# EDIT: Solve the second-order ODE $y''+\frac{1}{x}y'=a,\;a$ constant using variation of parameters

Note: I changed $$y$$ to $$y'$$. Solve the second-order ODE $$y''+\frac{1}{x}y'=a,\;\;a$$ constant.

For me to use Variation of parameters, I need to find two linearly independent solutions $$y_1$$ and $$y_2$$, where the particular solution, $$y_p$$ is given by

\begin{align} y_p(x)=-y_1(x)\int\dfrac{r(x)y_2(x)}{W(y_1,y_2)}dx+y_2(x)\int\dfrac{r(x)y_1(x)}{W(y_1,y_2)}dx \end{align} and $$W,\;r(x)$$ are Wronskian and the right-hand side, respectively. Here, $$r(x)=a.$$

So, I need to look for the solution to $$y''+\frac{1}{x}y'=0$$ to get $$y_1$$ and $$y_2.$$ If I get them, I'm done. Is there any way of getting these two?

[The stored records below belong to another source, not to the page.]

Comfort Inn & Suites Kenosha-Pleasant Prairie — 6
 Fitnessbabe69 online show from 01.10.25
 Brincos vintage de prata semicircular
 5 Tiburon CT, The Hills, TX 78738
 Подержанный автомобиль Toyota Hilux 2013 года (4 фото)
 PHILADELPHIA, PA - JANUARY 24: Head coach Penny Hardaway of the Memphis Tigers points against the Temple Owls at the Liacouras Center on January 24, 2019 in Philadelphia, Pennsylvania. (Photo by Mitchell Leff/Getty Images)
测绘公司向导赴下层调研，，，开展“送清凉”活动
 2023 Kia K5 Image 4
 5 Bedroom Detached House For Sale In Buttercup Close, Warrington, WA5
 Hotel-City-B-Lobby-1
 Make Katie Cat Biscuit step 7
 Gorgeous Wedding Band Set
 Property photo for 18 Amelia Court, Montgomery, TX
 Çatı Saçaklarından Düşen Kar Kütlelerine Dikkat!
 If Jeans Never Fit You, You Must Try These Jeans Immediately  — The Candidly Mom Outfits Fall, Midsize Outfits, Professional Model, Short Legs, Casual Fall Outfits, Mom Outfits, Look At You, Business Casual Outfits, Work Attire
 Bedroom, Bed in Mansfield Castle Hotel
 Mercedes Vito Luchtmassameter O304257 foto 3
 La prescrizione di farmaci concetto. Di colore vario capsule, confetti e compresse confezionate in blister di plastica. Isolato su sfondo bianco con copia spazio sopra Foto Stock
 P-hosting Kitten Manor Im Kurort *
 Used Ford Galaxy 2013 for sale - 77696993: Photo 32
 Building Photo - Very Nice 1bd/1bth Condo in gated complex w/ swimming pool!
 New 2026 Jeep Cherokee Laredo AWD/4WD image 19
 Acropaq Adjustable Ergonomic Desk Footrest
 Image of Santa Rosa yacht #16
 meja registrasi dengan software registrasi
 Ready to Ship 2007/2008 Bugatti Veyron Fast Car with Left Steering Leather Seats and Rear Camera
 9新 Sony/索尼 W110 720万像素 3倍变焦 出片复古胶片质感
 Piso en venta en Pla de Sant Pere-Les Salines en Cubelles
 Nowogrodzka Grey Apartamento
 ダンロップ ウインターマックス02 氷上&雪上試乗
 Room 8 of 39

• WA says this here $$\left\{\left\{y(x)\to -\pi a J_1\left(2 \sqrt{x}\right) G_{2,4}^{2,1}\left(x\left| \begin{array}{c} \frac{3}{2},1 \\ \frac{3}{2},\frac{5}{2},\frac{1}{2},1 \\ \end{array} \right.\right)+\pi a x^{5/2} \, _0\tilde{F}_1(;3;-x) Y_1\left(2 \sqrt{x}\right)+c_1 \sqrt{x} J_1\left(2 \sqrt{x}\right)+2 i c_2 \sqrt{x} Y_1\left(2 \sqrt{x}\right)\right\}\right\}$$ – Dr. Sonnhard Graubner Apr 5 at 17:51
• @Dr. Sonnhard Graubner: Wow! That's something else! – Omojola Micheal Apr 5 at 17:53
• $y_1=ax$ works. I don't know how to go about finding a second linearly independent solution though. – John Doe Apr 5 at 18:10
• Making $Y(x) = y(x) + ax$ you have the DE $Y''(x) + \frac 1x Y(x) = 0$ solving for $Y(x)$ we have then $y(x) = Y(x)-a x$ – Cesareo Apr 5 at 18:29
• @Dr. Sonnhard Graubner: Sorry for the actual error, I made an edit! – Omojola Micheal Apr 5 at 20:00

This is solvable.$$xy''+y'=0\\(xy')'=ax\\xy'=C_1\\y=\int\frac {C_1}x\,dx\\y=C_1\ln x+C_2$$ So your two independent solutions can be $$1$$ and $$\ln x$$.
You can integrate $$xy''+y'=0$$ to $$xy'=C$$ and further to $$y=C\ln x+D$$, which is the homogeneous or complimentary solution.